What you have to do ▸
All lines from the one that contains "McCall Pattern 9621: 1930s" to the end of the data must be retyped exactly. Pictures are not retyped.

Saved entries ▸
* * * * *
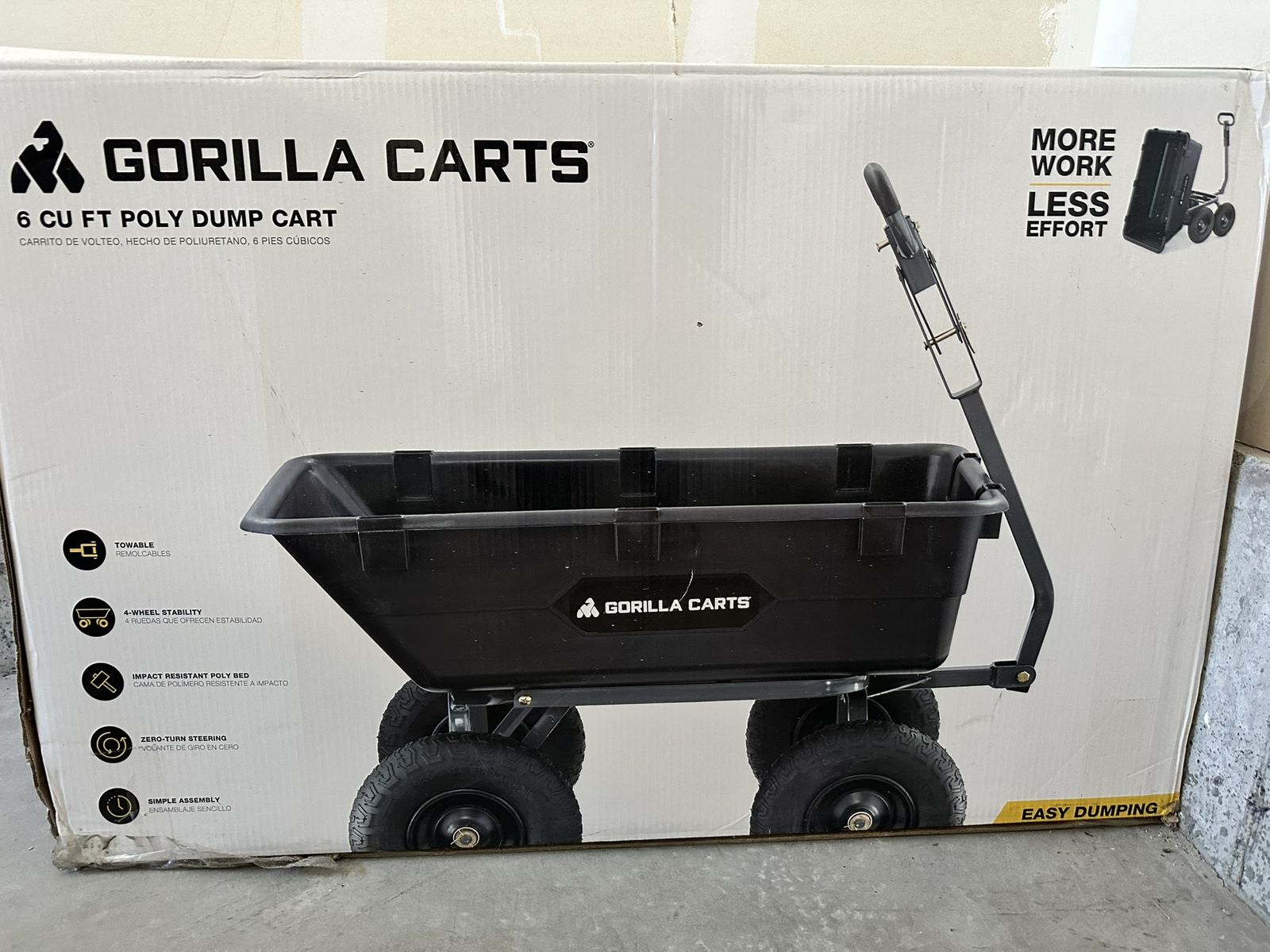 Gorilla Carts | 6 cu ft Heavy-Duty Poly Dump Cart | 1200 lb Capacity | Yard Work | Hauling | Landscaping Projects
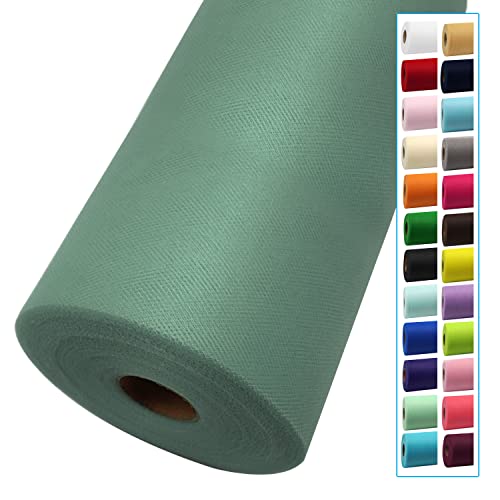 Image of Sage Green Tulle Fabric Rolls 54 Inch by 40 Yards Tulle Bolt Spool for Wedding Decorations DIY Tutu Baby Shower Table Skirt Ceiling Decor Birthday Party Craft Supplies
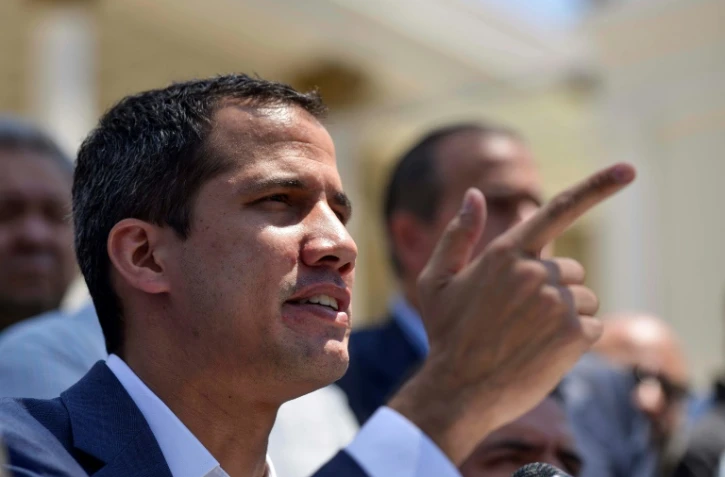 L'opposant vénézuélien et président autoproclamé Juan Guaido lors d'une conférence de presse à l'Assemblée nationale à Caracas, le 10 mars 2019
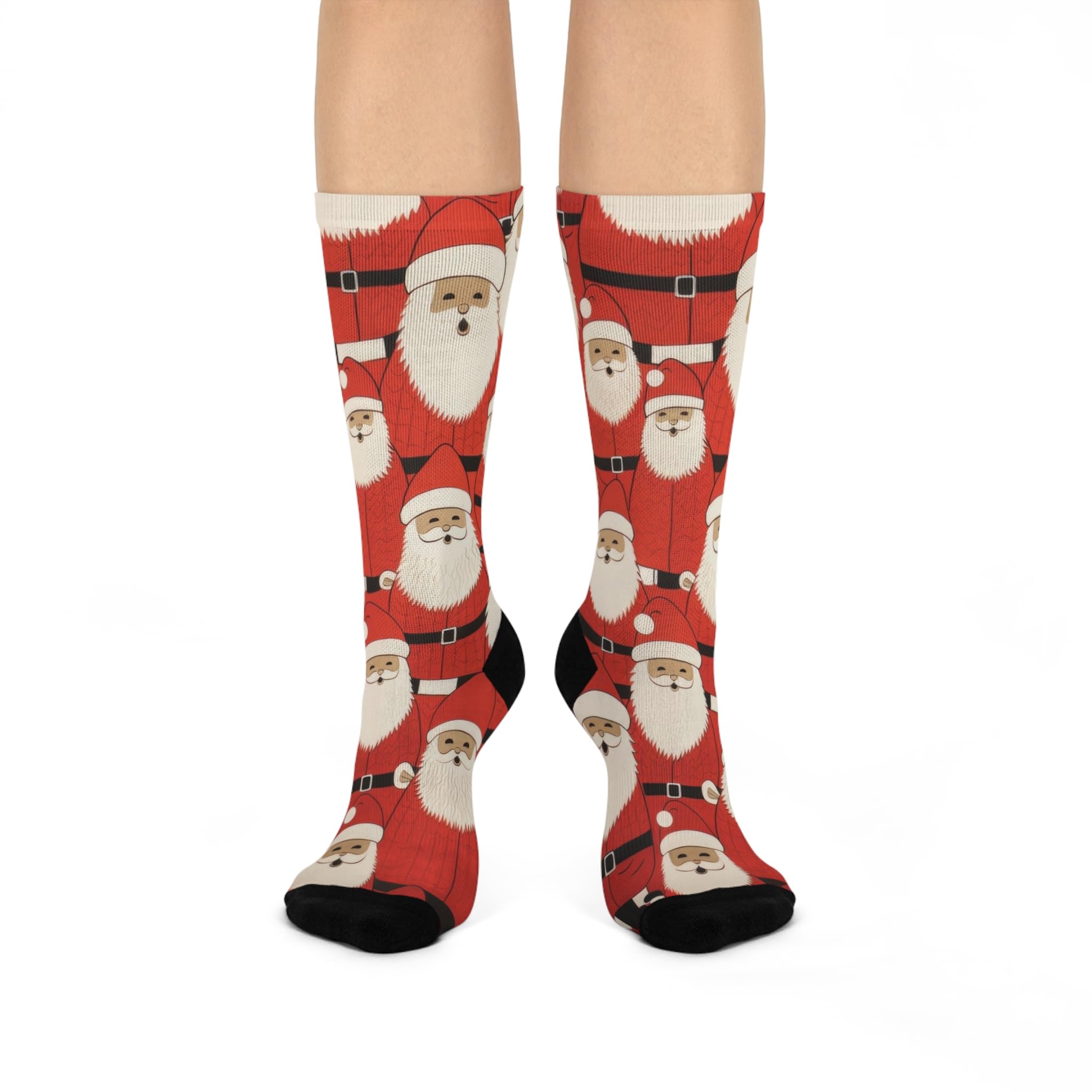 Cushioned Crew Socks, Cute Santa, Christmas Stocking Stuffer, Holiday Gift, Winter Apparel, Cozy Santa Socks
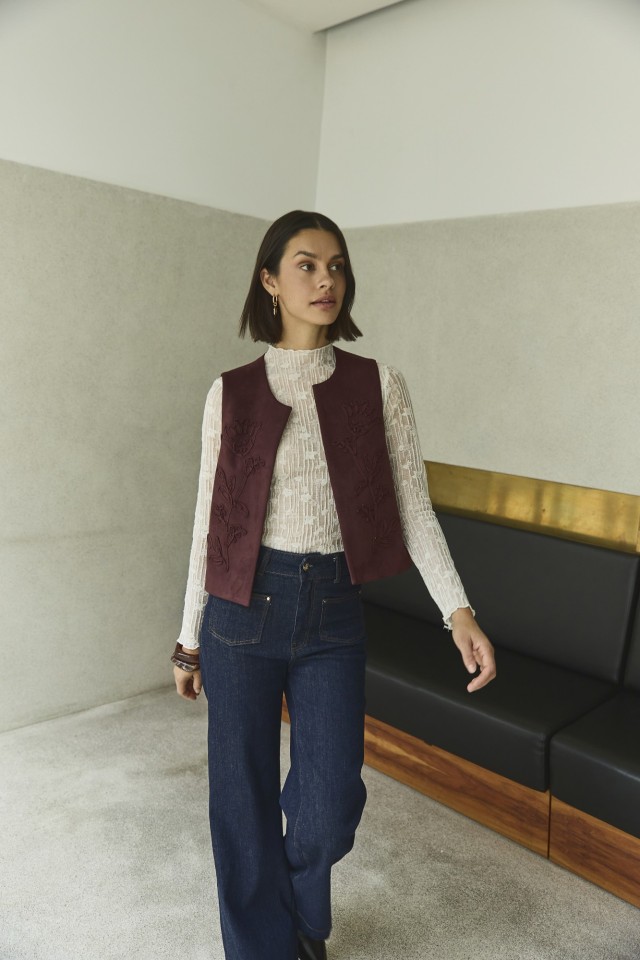 Embroidered Burgundy Vest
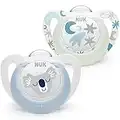 NUK Star Lot de 2 tétines pour bébé de 0 à 6 mois - En silicone sans BPA - Motif koala bleu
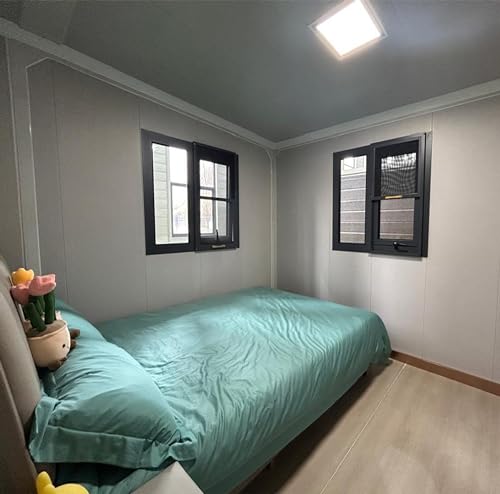 Portable Prefabricated Tiny House 20X20ft, Mobile Expandable House, Outdoor Storage, Modern Study Steel Storage House with Restroom, Kitchen, Cabinet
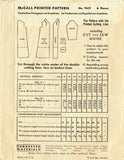 McCall Pattern 9621: 1930s Misses Long Lean Coat Sz 34 B Vintage Sewing Pattern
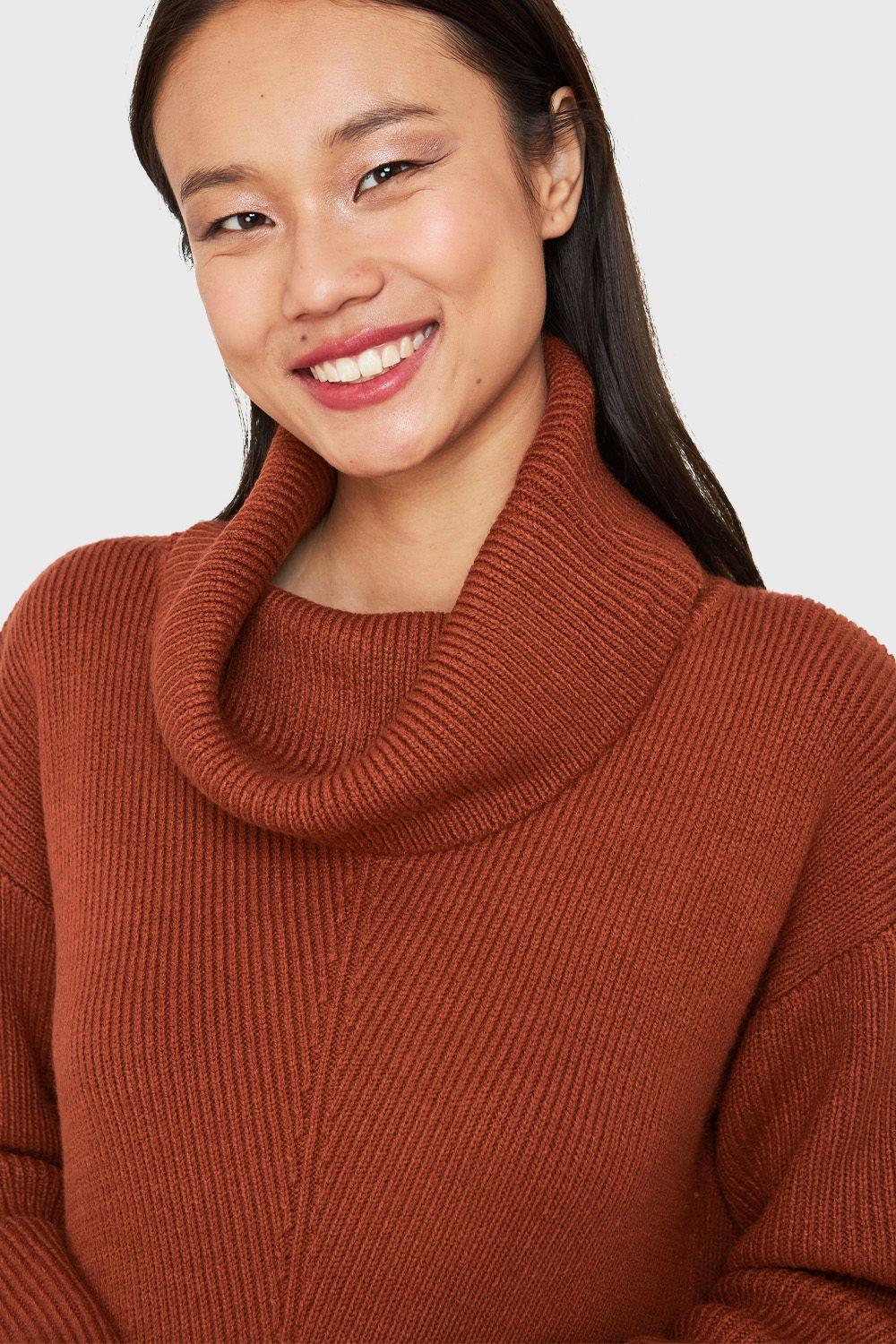 Sweater Vestido Cuello Alto Café Nicopoly-5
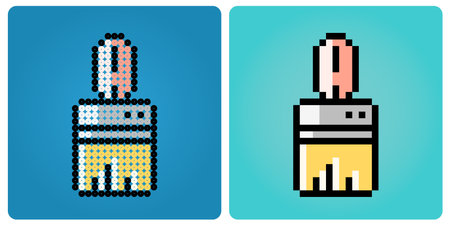 8 bit pixel paint brushes, for game assets and cross seams in vector illustrations.のイラスト素材
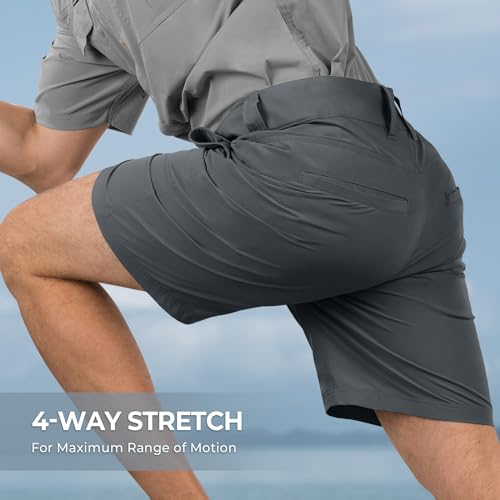 KastKing Cool Caster Men's Fishing Shorts, UPF 50+ Hiking Shorts, 10.5” and 7.5” Available, Water Repellent, 4-Way Stretch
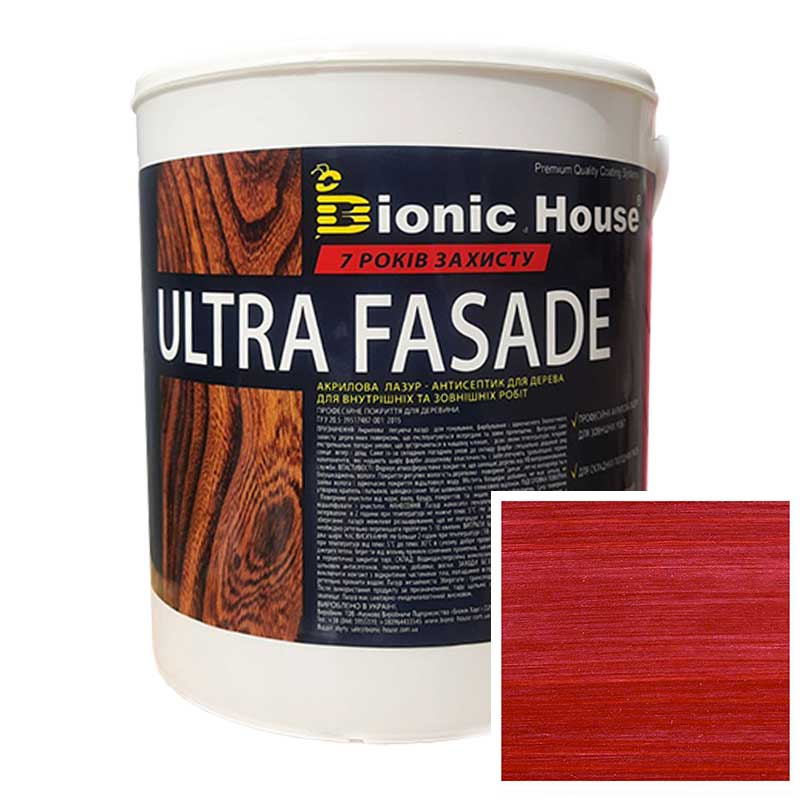 Краска для дерева фасадная, длительного срока службы ULTRA FACADE 0,8л Вишня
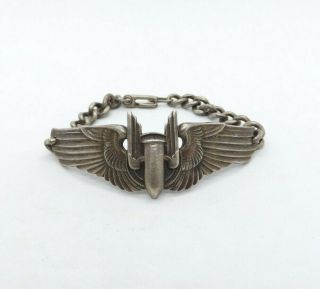 Vintage Wwii Sterling Silver Air Force Aerial Gunner Wings Bracelet,  26.  7 Grams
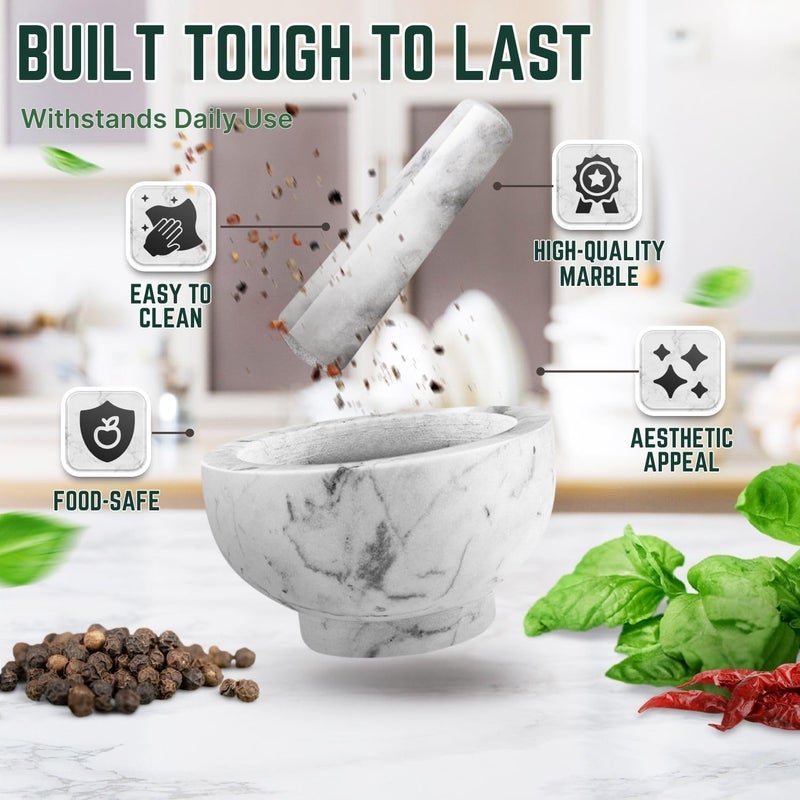 Flexzion (12cm (Marble)) - Marble Mortar and Pestle Set - Solid Marble Stone Grinder Bowl Holder For Guacamole, Herbs, Spices, Garlic, Kitchen, Cooking, Medicine - Image 3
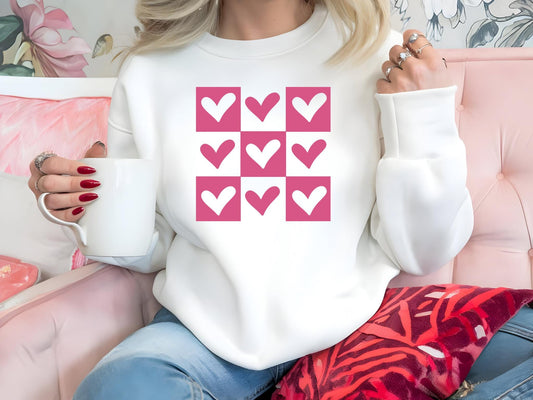 Heart Design Sweatshirt | Unisex Crew Neck | Gildan 18000 | Red, Black, Pink, White, Ash | Trendy & Cozy Sweatshirt for Everyday Wear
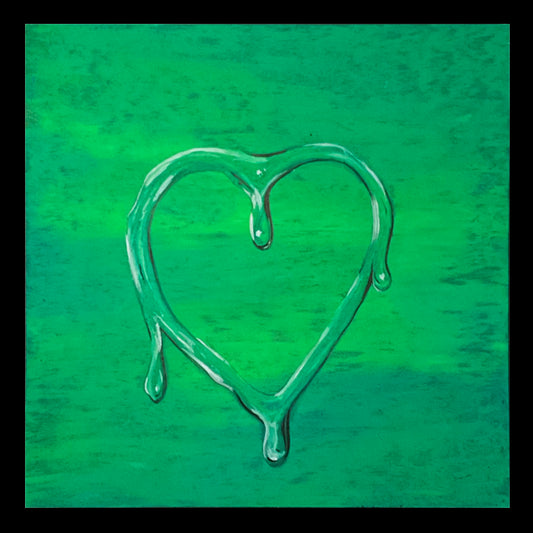 Grn Soft Spot 8”x8” Oil pastel Drawing - From the Surface Tension Collection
* * * * *
Exercise answer ▸
 McCall Pattern 9621: 1930s Misses Long Lean Coat Sz 34 B Vintage Sewing Pattern
 Sweater Vestido Cuello Alto Café Nicopoly-5
 8 bit pixel paint brushes, for game assets and cross seams in vector illustrations.のイラスト素材
 KastKing Cool Caster Men's Fishing Shorts, UPF 50+ Hiking Shorts, 10.5” and 7.5” Available, Water Repellent, 4-Way Stretch
 Краска для дерева фасадная, длительного срока службы ULTRA FACADE 0,8л Вишня
 Vintage Wwii Sterling Silver Air Force Aerial Gunner Wings Bracelet,  26.  7 Grams
 Flexzion (12cm (Marble)) - Marble Mortar and Pestle Set - Solid Marble Stone Grinder Bowl Holder For Guacamole, Herbs, Spices, Garlic, Kitchen, Cooking, Medicine - Image 3
 Heart Design Sweatshirt | Unisex Crew Neck | Gildan 18000 | Red, Black, Pink, White, Ash | Trendy & Cozy Sweatshirt for Everyday Wear
 Grn Soft Spot 8”x8” Oil pastel Drawing - From the Surface Tension Collection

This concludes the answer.